Jointly wit other teams in Heidelberg we are organizing a Computer Vision and Machine Learning Talk Series External and internal speaker are invited to give talks about their recent works. Below you find the list of talks in this series. We try to keep a strict time limit of one hour (45min presentation, 15min questions).
|16.12.2016 11:00 2024 or 2026||Subbu Veeravasarapu (Goethe Universität Frankfurt)

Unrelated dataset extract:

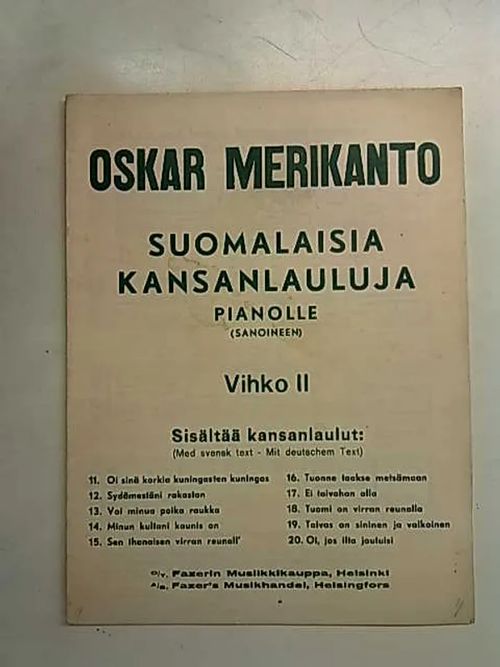 Suomalaisia kansanlauluja pianolle (sanoineen) Vihko II - Merikanto Oskar | Antikvaarinen Kirjakauppa Tessi | Osta Antikvaarista - Kirjakauppa verkossa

Transfer Learning from Virtual Reality
There is a growing interest to utilize Computer Graphics (CG) renderings to generate large scale annotated data in order to train machine learning systems, such as Deep convolutional neural networks, for Computer Vision (CV). However, the impact computational rendering approximations, due to choices in the rendering pipeline, on trained CV systems generalization performance is still not clear. I address this space with a case study involving traffic scenes. I also try to quantize the performance gains due to unsupervised learning of virtual scene priors from the target (real world) domain's data. I finally conclude with some interesting insights from our experimentation about the impact of rendering choices and scene models on the issue of 'domain shift' and various ways to correct it.
|15.12.2016 14:00 2024 or 2026||Pierre Baqué (EPFL)

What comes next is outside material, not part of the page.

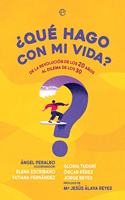 Â¿Que hago con mi vida?: De la revolucion de los 20 anos al dilema de los 30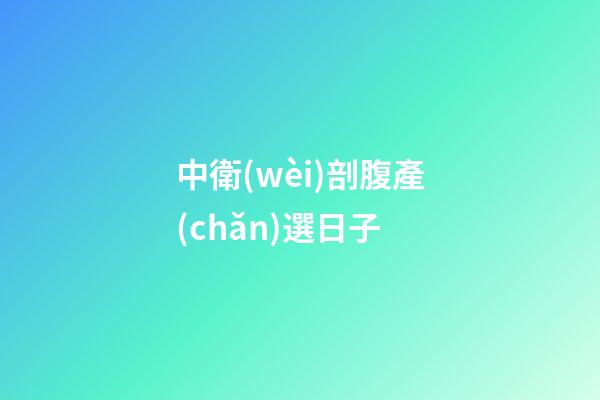 中衛(wèi)剖腹產(chǎn)選日子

Multi-Modal Mean-Fields via Cardinality-Based Clamping
Mean Field inference is central to statistical physics. It has attracted much interest in the Computer Vision community to efficiently solve problems expressible in terms of large Conditional Random Fields. However,
since it models the posterior probability distribution as a product of marginal probabilities, it may fail to properly account for important dependencies between variables.

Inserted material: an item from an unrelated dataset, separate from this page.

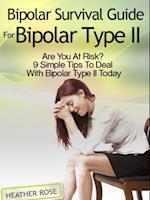 Bipolar 2: Bipolar Survival Guide For Bipolar Type II: Are You At Risk? 9 Simple Tips To Deal With Bipolar Type II Today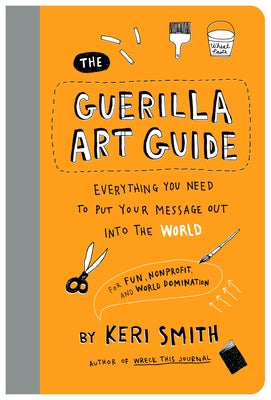 The Guerilla Art Guide: Everything You Need to Put Your Message Out Into the World--For Fun, Nonprofit, and World Domination by Smith, Keri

We therefore replace the fully factorized distribution of Mean Field by a weighted mixture of such distributions, that similarly minimizes the KL-Divergence to the true posterior. By introducing two new ideas, namely, conditioning on groups of variables instead of single ones and using a parameter of the conditional random field potentials, that we identify to the temperature in the sense of statistical physics to select such groups, we can perform this minimization efficiently. Our extension of the clamping method proposed in previous works allows us to both produce a more descriptive approximation of the true posterior and, inspired by the diverse MAP paradigms, fit a mixture of Mean Field approximations. We demonstrate that this positively impacts real-world algorithms that initially relied on mean fields.
|30.11.2016 9:30 2024 or 2026||Vincent Lepetit (TU Graz)
Computer Vision Pipelines and Deep Learning
Many traditional Computer Vision problems can now be solved by a single Deep Network. In this talk, I will use 3D hand tracking and interest point detection and description as examples to show that we can also tackle more complex problems by building full computer vision pipelines from multiple deep networks working together. By designing these pipelines carefully, we can keep the advantages of single Deep Networks: end-to-end learning by minimizing only one clear cost function for the full pipeline, and high performance.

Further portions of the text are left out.